- **INSTRUCTIONS TO FOLLOW**: Strip out the pictures and transcribe the records that follow exactly.

- **RECORDS PROVIDED**:
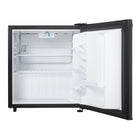Danby - 1,6 cu. pi. Réfrigérateur compact - noir-Réfrigérant R600a respectueux de l'environnement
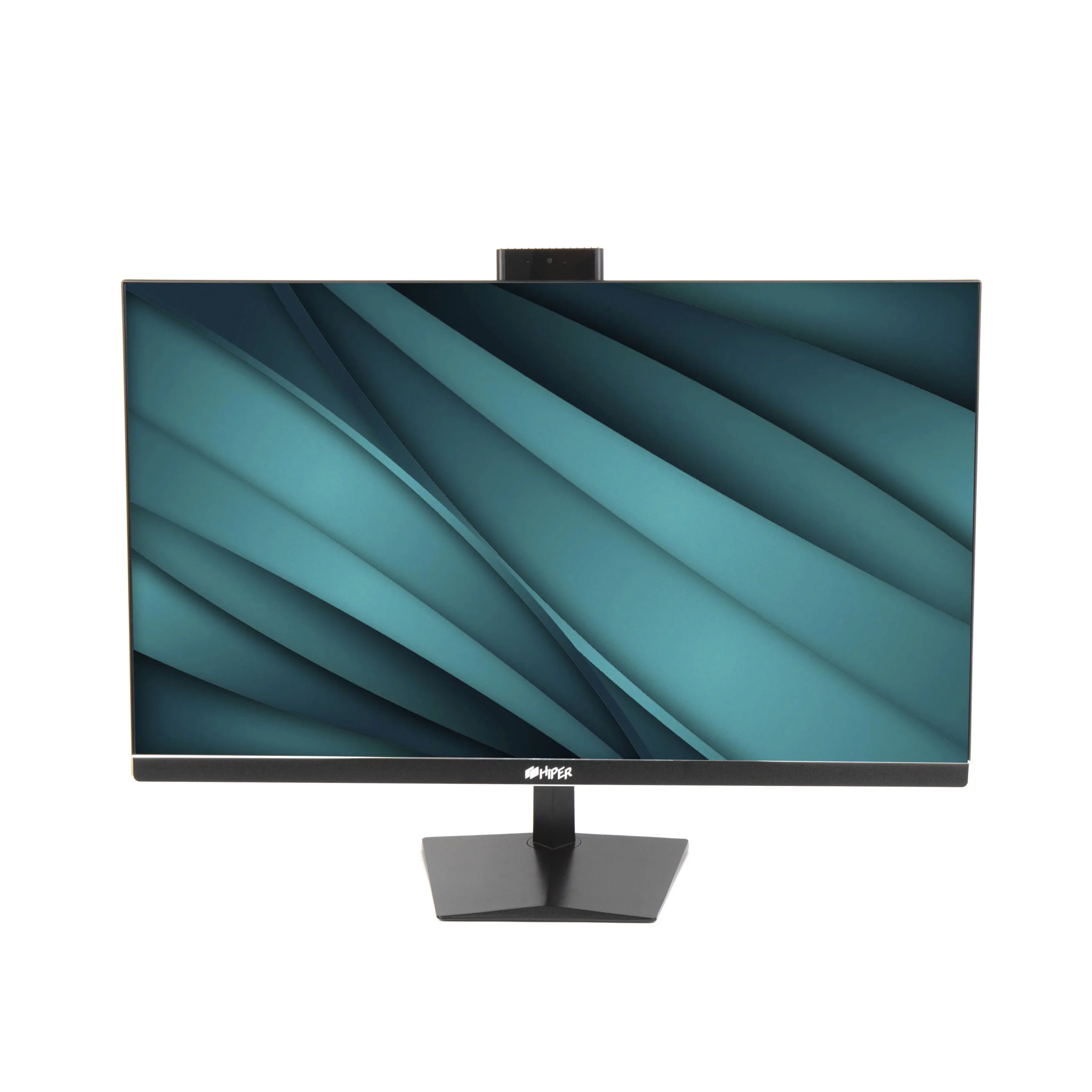 Платформа моноблок AIO HIPER Office HO-D3-H510-B, 27" FHD IPS, m/b Intel MSI H-510TI, no CPU, no RAM, no HDD, no ODD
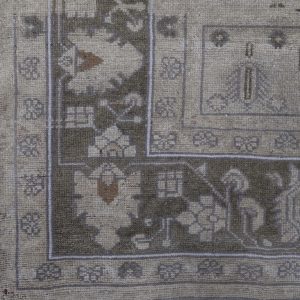 Norah Vintage Turkish Rug - 4’10 X 7’7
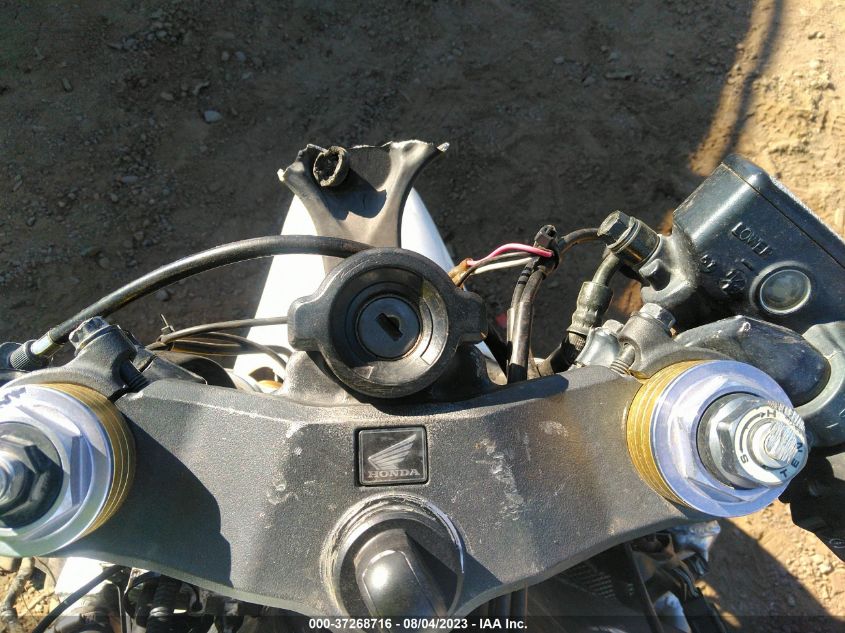 2006 HONDA CBR600 RR - JH2PC37026M307238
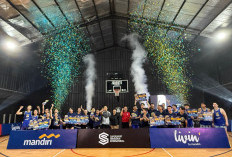 Pemain Puji Peran Mandiri SSS 3x3 Indonesia Tournament Sebagai Ruang Menambah Jam Terbang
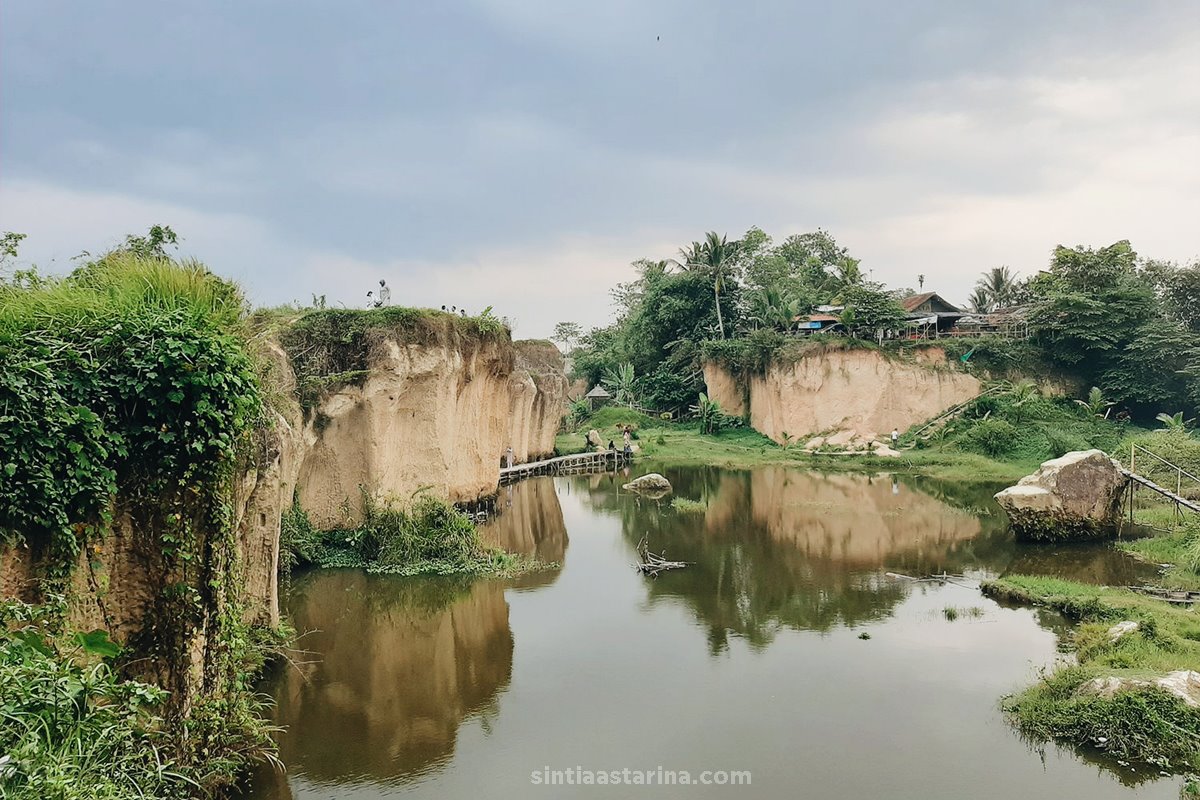 Pengalaman ke Tebing Koja, Wisata Foto di Tangerang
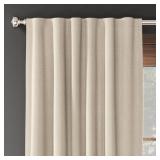 Threshold Aruba Blackout Curtain Panels 50x84 2pk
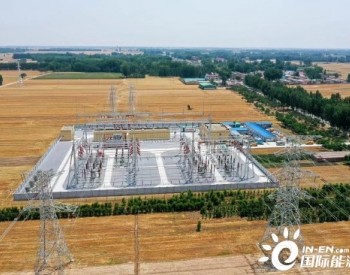 <em>国网河南</em>省电力公司43项主网度夏工程全部建成投运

- **EXERCISE RESPONSE**:
Danby - 1,6 cu. pi. Réfrigérateur compact - noir-Réfrigérant R600a respectueux de l'environnement
 Платформа моноблок AIO HIPER Office HO-D3-H510-B, 27" FHD IPS, m/b Intel MSI H-510TI, no CPU, no RAM, no HDD, no ODD
 Norah Vintage Turkish Rug - 4’10 X 7’7
 2006 HONDA CBR600 RR - JH2PC37026M307238
 Pemain Puji Peran Mandiri SSS 3x3 Indonesia Tournament Sebagai Ruang Menambah Jam Terbang
 Pengalaman ke Tebing Koja, Wisata Foto di Tangerang
 Threshold Aruba Blackout Curtain Panels 50x84 2pk
 <em>国网河南</em>省电力公司43项主网度夏工程全部建成投运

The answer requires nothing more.